The HCV test, meanwhile, meets the World Health Organization and FIND target product profile for decentralized HCV testing. Genedrive plans to apply for WHO pre-qualification, but Budd noted that there are also other routes into markets in the developing world.
"The easiest and most immediate way is actually to go into the private laboratories and healthcare infrastructure in a country," Budd said. The WHO PQ process, on the other hand, is quite rigorous, but he said PQ will likely be important to fully realize the commercial and distribution opportunities in areas that need subsidy or financial support.
According to the WHO, HCV caused more than 1.3 million deaths in 2015. There were also 1.75 million new infections, bringing the total number of people infected worldwide to 71 million. And, unlike tuberculosis and HIV, which have comparable, but declining, mortality rates, HCV mortality is on the rise. The WHO has called for the elimination of HCV as a public health threat by 2030, aiming to reduce new infections by 90 percent and mortality by 65 percent.
In the past, treatment required HCV genotyping and viral load testing, with additional viral load testing to determine treatment response. The current treatment algorithm involves screening with an antibody-based test, followed by confirmation of infection with a molecular test prior to therapy. "That's where we come in," Budd said. The newest therapies — which involve direct-acting anti-virals that can cure infections in about 12 weeks, as opposed to genotype-specific drugs that could take up to 48 weeks of treatment — only require a simple pan-genotype molecular test to diagnose HCV infection, plus one after therapy to confirm the cure.
Genedrive's miniaturized system will be offered to hospitals and clinics that are closer to patients than big hospitals and that can prescribe drugs and follow up with patients quickly, Budd said.

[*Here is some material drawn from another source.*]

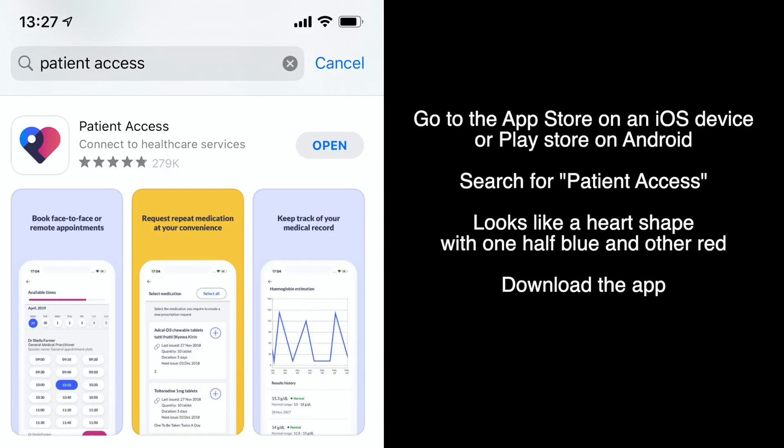Go to the App Store on an iOS device or Play Store on Android and search for Patient Access. It looks like a heart shape with one half blue and the other red. Download the app.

The cost of the Genedrive instrument and cartridges is expected to be lower than the firm's main competitors in the LMIC diagnostics market, particularly Cepheid. "Our target is to be able to deliver something into the market at the same end price that Cepheid currently gets at a subsidy," Budd said.
The portable Cepheid Omni platform, which has been estimated to cost around $3,000 would perhaps be most equivalent to the Genedrive platform, but it's launch has been delayed. "I'm sure it will come, and frankly their products work well, but I think the thing we recognize is that it uses the same cartridges as the other [Cepheid GeneXpert] systems use, and we know there are huge manufacturing and distribution costs to those," Budd said.
While the Genedrive platform will be unlikely to exceed the performance of the currently-available Cepheid instruments, which cost tens of thousands of dollars without subsidies, it will have higher sensitivity than smear microscopy and could potentially serve as a replacement technology.
Budd said the low cost of the system due to the fact that it is simpler in its design than other commercial molecular systems, in that it is not fully integrated, so the user must do some manual sample prep upfront. However, the instrument is also essentially disposable, obviating the need for any maintenance contracts or service network. "If it breaks, when it breaks, you throw it out and we'll send you another one in the mail," Budd said.
The device itself has an end-user list price of around $4,000, but it is likely that many instruments will be placed as part of a reagent rental model as well, Budd said.